Wednesday, 21 December 2016

QUEEN: Innuendo




(#422: 16 February 1991, 2 weeks)

Track listing: Innuendo/I’m Going Slightly Mad/Headlong/I Can’t Live With You/Don’t Try So Hard/Ride The Wild Wind/All God’s People/These Are The Days Of Our Lives/Delilah/The Hitman/Bijou/The Show Must Go On

Freddie Mercury’s blackstar, not that anyone who didn’t need to know knew that at the time, but to a degree that the opening song sounds remarkably similar in construction to the song “Blackstar,” though in a different key (“Innuendo”’s root chord is E major, compared with “Blackstar”’s B major), and that both albums end with a kind of protective defiance – “The Show Must Go On” and “I Can’t Give Everything Away.”

If, as surely everybody involved was aware, Innuendo was to be the last Queen album with Freddie, as such – leaving aside entry #541 for now – then everybody appears to have pulled together to go out with a bang.

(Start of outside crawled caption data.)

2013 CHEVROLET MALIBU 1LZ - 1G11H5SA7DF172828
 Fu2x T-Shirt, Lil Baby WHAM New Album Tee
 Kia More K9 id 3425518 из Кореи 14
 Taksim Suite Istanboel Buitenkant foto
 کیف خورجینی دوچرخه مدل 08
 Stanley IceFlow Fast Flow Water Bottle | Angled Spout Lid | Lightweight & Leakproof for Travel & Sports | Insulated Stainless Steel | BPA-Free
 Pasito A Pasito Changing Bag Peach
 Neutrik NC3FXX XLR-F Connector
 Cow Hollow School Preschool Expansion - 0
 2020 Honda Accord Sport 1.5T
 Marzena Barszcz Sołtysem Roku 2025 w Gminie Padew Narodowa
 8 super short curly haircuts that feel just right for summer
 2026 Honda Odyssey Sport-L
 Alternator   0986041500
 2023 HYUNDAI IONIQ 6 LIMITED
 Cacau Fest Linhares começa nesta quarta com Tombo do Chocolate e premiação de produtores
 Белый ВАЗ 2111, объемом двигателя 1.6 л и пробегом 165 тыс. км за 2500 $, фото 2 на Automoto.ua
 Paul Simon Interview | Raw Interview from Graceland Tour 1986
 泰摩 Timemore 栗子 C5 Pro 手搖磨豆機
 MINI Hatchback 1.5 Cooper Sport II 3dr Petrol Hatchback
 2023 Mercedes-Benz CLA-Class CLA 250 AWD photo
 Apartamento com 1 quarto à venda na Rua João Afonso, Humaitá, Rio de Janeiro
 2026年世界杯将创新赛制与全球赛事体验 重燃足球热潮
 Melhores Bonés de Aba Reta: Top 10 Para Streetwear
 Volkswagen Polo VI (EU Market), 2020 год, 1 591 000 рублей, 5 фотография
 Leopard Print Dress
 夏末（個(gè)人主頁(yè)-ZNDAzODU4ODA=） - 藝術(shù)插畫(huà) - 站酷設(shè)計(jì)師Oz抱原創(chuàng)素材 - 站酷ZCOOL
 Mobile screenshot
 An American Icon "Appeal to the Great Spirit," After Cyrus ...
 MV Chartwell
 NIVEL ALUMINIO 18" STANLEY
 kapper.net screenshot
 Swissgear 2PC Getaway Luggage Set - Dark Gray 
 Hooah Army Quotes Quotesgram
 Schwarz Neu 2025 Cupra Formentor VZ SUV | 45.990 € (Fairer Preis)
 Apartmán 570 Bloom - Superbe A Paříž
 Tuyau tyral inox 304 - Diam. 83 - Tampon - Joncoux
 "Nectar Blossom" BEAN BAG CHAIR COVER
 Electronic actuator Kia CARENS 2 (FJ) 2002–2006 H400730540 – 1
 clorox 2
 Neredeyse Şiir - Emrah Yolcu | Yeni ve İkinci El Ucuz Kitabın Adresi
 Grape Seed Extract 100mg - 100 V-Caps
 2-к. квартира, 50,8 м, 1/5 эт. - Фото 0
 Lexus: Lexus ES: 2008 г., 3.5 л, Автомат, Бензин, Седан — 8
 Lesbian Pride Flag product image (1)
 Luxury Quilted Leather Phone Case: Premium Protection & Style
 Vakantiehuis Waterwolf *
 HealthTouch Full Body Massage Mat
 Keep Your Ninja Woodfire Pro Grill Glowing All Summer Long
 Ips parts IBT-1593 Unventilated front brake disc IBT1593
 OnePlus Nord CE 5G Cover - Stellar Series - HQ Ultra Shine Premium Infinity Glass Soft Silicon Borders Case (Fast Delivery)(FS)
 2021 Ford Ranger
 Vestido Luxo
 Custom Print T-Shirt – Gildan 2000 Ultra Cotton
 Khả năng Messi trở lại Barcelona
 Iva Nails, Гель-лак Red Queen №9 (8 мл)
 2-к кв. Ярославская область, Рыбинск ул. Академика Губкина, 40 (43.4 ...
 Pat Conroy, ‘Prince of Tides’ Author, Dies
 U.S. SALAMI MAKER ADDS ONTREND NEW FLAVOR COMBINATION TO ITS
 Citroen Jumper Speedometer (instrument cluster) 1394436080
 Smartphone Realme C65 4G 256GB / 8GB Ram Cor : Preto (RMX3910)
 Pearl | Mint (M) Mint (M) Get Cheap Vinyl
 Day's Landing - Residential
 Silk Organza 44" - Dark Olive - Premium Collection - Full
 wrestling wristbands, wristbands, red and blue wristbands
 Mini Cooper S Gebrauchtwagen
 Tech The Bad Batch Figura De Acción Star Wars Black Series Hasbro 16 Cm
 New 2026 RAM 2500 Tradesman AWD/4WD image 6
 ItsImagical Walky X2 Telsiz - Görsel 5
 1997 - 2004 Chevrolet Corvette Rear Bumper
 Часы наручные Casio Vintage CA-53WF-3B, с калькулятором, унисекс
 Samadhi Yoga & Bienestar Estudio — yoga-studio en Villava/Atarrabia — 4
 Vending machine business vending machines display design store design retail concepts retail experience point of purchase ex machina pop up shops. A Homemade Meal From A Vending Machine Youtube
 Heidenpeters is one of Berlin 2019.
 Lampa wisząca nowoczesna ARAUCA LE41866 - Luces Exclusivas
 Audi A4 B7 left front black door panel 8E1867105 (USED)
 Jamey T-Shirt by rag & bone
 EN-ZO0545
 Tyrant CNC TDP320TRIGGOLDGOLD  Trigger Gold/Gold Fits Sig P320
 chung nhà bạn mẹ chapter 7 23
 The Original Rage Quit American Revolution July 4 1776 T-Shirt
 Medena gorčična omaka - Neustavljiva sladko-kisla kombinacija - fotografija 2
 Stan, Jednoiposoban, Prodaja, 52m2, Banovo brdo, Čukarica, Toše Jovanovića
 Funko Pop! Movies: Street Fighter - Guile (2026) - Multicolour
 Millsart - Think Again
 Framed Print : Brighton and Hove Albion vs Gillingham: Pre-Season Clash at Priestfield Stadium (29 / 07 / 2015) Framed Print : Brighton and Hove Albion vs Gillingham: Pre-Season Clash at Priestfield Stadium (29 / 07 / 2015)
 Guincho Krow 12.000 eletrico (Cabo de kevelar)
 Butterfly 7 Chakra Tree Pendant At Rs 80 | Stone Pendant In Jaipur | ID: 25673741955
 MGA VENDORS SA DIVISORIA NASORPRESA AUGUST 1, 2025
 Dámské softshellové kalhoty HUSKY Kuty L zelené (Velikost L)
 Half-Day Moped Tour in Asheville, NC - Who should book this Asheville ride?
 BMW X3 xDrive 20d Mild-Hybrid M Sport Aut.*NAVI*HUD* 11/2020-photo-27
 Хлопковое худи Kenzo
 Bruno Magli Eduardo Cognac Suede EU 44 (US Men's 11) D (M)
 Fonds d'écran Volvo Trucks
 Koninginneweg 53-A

If anything, Mercury’s illness had intensified the group’s concentration, such that they sounded more alive than anything they had done since Sheer Heart Attack. Rockers like “Headlong,” “I Can’t Live With You” and especially “The Hitman” find the group at their best and most dynamic.

More importantly, despite his illness, Freddie sounds as though he’s having the time of his life on the record. Whooping it up, multi-tracking, self-parodying but concentrated, he revels in the music, having a great deal of fun with “I’m Going Slightly Mad” – a song whose lyric was in part conjured up in discussions with Mercury and his friend Peter Straker, and a song which suggests some awareness of what their labelmates the Pet Shop Boys were up to at the time; indeed, Brian May’s guitar sounds positively like shoegazing here.

Elsewhere, the rev-it-up “Ride The Wild Wind” suggests an art-rock modification of, of all things, the Smiths’ “Shakespeare’s Sister” while Mercury clearly enjoys himself immensely on “Delilah,” which turns out to be a song about his cat.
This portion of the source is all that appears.